Uitspraak 201403346/1/A1


Volledige tekst

201403346/1/A1.
Datum uitspraak: 17 december 2014

AFDELING
BESTUURSRECHTSPRAAK

Uitspraak op het hoger beroep van:

[appellant A] en [appellante B] (hierna in enkelvoud: [appellant]), beiden wonend te Sevenum, gemeente Horst aan de Maas,

tegen de uitspraak van de voorzieningenrechter van de rechtbank Limburg van 12 maart 2014 in zaak nrs. 13/3910 en 14/503 in het geding tussen:

[appellant]

en

het college van burgemeester en wethouders van Horst aan de Maas.

Procesverloop

Bij besluit van 3 mei 2013 heeft het college [appellant] onder oplegging van een dwangsom gelast om binnen zes weken na verzending van dat besluit de bewoning van het pand op het perceel [locatie 3] te Sevenum (hierna: het perceel) te beëindigen en beëindigd te houden.

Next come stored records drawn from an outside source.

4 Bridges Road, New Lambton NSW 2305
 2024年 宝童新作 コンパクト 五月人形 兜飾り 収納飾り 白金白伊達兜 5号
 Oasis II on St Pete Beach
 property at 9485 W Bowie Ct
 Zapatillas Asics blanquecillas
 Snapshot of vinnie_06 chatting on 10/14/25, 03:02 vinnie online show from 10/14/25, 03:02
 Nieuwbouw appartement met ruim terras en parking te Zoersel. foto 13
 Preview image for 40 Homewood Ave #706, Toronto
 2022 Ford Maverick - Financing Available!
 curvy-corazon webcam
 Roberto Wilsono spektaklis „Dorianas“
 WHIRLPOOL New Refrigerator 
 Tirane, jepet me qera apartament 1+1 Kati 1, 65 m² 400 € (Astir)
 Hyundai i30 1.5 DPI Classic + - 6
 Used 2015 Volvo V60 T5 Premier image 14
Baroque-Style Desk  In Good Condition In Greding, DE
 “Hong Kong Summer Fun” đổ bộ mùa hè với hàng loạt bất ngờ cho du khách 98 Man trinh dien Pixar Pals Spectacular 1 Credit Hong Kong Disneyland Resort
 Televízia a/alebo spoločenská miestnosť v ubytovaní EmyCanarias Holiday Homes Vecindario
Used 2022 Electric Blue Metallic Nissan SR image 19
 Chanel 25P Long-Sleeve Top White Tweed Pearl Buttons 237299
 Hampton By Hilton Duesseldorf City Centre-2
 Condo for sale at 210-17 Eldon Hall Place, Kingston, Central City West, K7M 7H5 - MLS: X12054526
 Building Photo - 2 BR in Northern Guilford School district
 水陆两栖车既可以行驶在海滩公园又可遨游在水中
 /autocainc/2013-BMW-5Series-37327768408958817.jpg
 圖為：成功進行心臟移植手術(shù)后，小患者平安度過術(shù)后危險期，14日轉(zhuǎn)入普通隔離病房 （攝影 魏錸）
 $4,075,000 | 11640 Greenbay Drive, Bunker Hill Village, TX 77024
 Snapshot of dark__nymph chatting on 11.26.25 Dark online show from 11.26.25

Bij besluit van 20 november 2013 heeft het college het door [appellant] daartegen gemaakte bezwaar gegrond verklaard voor zover het is gericht tegen de gestelde begunstigingstermijn, het besluit van 3 mei 2013 in zoverre herroepen, de begunstigingstermijn bepaald op 1 april 2014 en het bezwaar voor het overige ongegrond verklaard.

Bij uitspraak van 12 maart 2014 heeft de voorzieningenrechter, voor zover hier van belang, het door [appellant] daartegen ingestelde beroep ongegrond verklaard. Deze uitspraak is aangehecht.

Tegen deze uitspraak heeft [appellant] hoger beroep ingesteld.

Het college heeft een verweerschrift ingediend.

Het college heeft nadere stukken ingediend.

De Afdeling heeft de zaak ter zitting behandeld op 5 november 2014, waar [appellant], bijgestaan door mr. J. van Groningen, advocaat te Middelharnis, is verschenen.

Overwegingen

1. Ingevolge artikel 2.1, eerste lid, aanhef en onder c, van de Wet algemene bepalingen omgevingsrecht (hierna: Wabo) is het verboden zonder omgevingsvergunning een project uit te voeren, voor zover dat geheel of gedeeltelijk bestaat uit het gebruiken van gronden of bouwwerken in strijd met een bestemmingsplan.

Ingevolge het ter plaatse geldende bestemmingsplan "[locatie 1], [locatie 2] en [locatie 3] te Sevenum" (hierna: het bestemmingsplan) rust op het perceel de bestemming "Bedrijf" met de nadere aanduiding "Kantoor".

Ingevolge artikel 3.1 van de planvoorschriften zijn de gronden met deze bestemming bestemd voor een kantoor, alsmede hobbyruimte en opslag, één en ander met bijbehorende voorzieningen.

Ingevolge artikel 3.3, aanhef en onder e, wordt onder het gebruiken van gronden of bouwwerken in strijd met het bestemmingsplan in ieder geval begrepen het gebruik voor zelfstandige bewoning of als afhankelijke woonruimte.

2. Vast staat dat het gebruik van het pand als woonruimte in strijd is met het bestemmingsplan. Het college is derhalve bevoegd daartegen handhavend op te treden.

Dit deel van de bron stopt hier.